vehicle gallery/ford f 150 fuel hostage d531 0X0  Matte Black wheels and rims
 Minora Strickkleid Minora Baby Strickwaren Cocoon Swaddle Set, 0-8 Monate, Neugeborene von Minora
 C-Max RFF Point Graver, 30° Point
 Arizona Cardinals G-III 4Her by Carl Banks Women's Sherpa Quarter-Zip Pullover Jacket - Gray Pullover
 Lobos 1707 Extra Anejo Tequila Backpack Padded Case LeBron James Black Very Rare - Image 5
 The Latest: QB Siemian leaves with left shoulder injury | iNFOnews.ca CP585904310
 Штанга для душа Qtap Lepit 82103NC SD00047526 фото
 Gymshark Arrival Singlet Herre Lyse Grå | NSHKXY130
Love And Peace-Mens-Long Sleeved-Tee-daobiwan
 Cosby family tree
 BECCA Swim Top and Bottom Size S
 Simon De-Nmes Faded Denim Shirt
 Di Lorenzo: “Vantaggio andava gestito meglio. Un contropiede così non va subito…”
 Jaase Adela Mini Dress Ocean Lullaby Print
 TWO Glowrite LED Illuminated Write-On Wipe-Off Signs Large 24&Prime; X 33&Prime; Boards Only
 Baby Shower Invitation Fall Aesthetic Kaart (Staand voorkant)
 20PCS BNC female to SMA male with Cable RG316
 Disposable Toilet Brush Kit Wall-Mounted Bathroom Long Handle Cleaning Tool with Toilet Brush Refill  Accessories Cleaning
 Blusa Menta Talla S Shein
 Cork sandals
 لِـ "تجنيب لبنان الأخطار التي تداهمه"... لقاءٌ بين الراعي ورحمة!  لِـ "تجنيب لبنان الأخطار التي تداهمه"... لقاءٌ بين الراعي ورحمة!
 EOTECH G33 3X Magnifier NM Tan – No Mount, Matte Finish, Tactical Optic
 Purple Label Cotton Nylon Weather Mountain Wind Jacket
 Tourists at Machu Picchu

**Task instructions**
Could you please copy the lines of the listing above exactly, from its first line through the line bearing "C-Max RFF Point Graver, 30° Point", and nothing more?

**Response to the task**
vehicle gallery/ford f 150 fuel hostage d531 0X0  Matte Black wheels and rims
 Minora Strickkleid Minora Baby Strickwaren Cocoon Swaddle Set, 0-8 Monate, Neugeborene von Minora
 C-Max RFF Point Graver, 30° Point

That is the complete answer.